Nearly three years later, in September 2019, Leifer applied for professional liability insurance from North River Insurance Company (“NRIC”) and represented that it had “no reasonable basis to believe that there was an act or omission in their rendering of services [that] might become the basis of a claim.”2 NRIC ultimately issued to Leifer a claims-made3 professional liability policy that was in effect from October 20, 2019, to October 20, 2020.
On October 7, 2020, Leifer reported to NRIC the potential malpractice claim after Lee sent correspondence to Leifer indicating as much. In November 2020, Lee sued Leifer for malpractice based on the allegedly improper advice Leifer had given relative to the Original Action. NRIC initially accepted the tender and defended Leifer, but, in March 2021, NRIC advised Liefer that it did not owe Liefer a defense based on its investigation and conclusion that “Leifer had prior knowledge of facts that Defendants could reasonably have expected to give rise to a claim.”4
Thereafter, NRIC sued Leifer in the United States District Court for the Southern District of New York, seeking a determination from the court that it did not owe any professional liability coverage to Leifer under the circumstances. The District Court applied a two-prong test that examined (1) whether the insured had actual knowledge of the material facts that could give rise to a claim, and (2) whether a reasonable professional would have anticipated that those facts might be the basis of a claim. It ultimately found that the NRIC’s claim satisfied this test, concluding that (1) “Leifer had knowledge of the facts and circumstances giving rise to Lee’s malpractice claim” and (2) that “a reasonable attorney would have understood that Leifer’s conduct could reasonably have been expected to give rise to a malpractice claim.
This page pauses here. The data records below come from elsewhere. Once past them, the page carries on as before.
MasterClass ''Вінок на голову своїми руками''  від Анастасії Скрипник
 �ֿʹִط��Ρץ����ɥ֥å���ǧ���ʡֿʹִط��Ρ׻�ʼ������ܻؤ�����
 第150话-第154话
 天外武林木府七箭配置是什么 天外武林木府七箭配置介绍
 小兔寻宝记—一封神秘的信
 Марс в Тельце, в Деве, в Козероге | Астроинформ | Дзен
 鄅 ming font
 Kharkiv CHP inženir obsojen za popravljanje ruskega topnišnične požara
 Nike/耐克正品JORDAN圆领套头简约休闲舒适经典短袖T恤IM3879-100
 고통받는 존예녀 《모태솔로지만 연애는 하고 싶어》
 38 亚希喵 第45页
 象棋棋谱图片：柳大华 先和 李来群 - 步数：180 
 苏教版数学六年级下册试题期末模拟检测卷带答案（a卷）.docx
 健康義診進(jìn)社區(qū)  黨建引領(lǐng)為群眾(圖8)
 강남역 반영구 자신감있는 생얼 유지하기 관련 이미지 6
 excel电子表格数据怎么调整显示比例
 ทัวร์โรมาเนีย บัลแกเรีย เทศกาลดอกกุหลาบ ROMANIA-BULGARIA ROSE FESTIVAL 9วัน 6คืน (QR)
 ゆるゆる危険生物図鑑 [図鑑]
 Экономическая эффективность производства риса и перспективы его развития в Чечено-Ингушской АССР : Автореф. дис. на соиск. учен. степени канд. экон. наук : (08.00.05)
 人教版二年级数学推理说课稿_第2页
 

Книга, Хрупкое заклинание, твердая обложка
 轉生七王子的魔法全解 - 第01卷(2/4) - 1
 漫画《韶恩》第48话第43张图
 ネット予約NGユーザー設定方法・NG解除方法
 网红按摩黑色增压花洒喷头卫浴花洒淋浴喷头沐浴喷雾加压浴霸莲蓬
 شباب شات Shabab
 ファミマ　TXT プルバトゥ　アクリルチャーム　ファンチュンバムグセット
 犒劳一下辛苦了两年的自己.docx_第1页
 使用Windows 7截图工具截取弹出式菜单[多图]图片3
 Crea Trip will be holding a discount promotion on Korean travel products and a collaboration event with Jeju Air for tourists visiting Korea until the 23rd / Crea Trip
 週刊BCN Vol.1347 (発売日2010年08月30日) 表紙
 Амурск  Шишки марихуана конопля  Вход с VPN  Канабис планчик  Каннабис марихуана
On appeal to the Second Circuit Court of Appeals, Leifer argued both that it had no reason to think Lee would bring a malpractice claim against them because Lee thanked Leifer for his services, and that Lee had no meritorious defenses in the Original Action.5
In affirming the District Court’s decision, the Second Circuit stated that the inquiry is not whether Leifer subjectively believed his client would not sue him for malpractice, but “whether a reasonable attorney, based on the facts known to Leifer at the time, could have expected one.”6 Notably, the reasonable attorney standard applied in this case differs from the standard held in several other states, which hold that the prior knowledge exclusion applies only if the insured subjectively believed a claim was likely to be brought against him or her.7
As for the argument that Lee had no meritorious defenses, the Court concluded it need not resolve the issue because in the Original Action, Leifer filed an opposition to default and asserted that Lee did have meritorious defenses. Therefore, the fact that any reasonable lawyer who asserts the existence of a meritorious defense after advising the client not to file an answer would reasonably believe that a malpractice lawsuit is likely.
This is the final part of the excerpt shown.